> _DESCRIPTION OF THE TASK_: Take the lines from the one with "Sonic: The Card Game Eclate" through the end of the material below and repeat them exactly, dropping every picture.

DATA SECTION section start

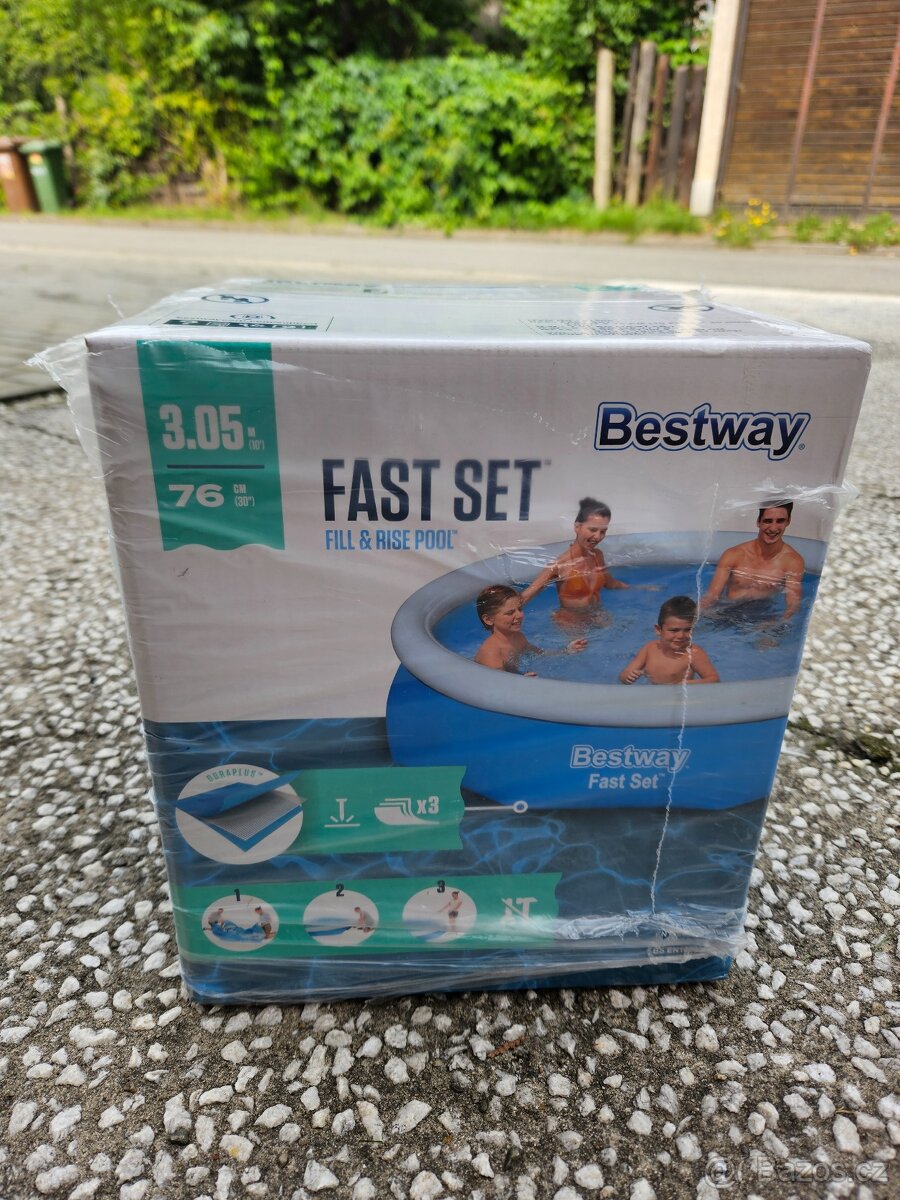 Nadzemní bazén Bestway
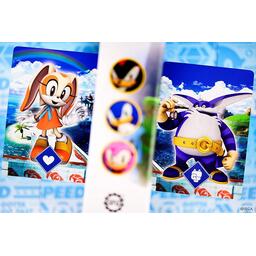 Sonic: The Card Game Eclate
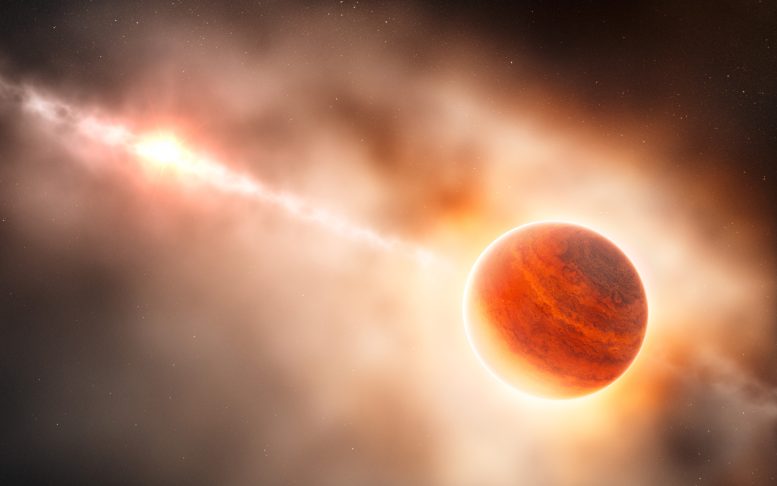 James Webb Teleskobu Yeni Doğan Gezegenlerin Peşinde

DATA SECTION section end

> _ANSWER SECTION_:
 Sonic: The Card Game Eclate
 James Webb Teleskobu Yeni Doğan Gezegenlerin Peşinde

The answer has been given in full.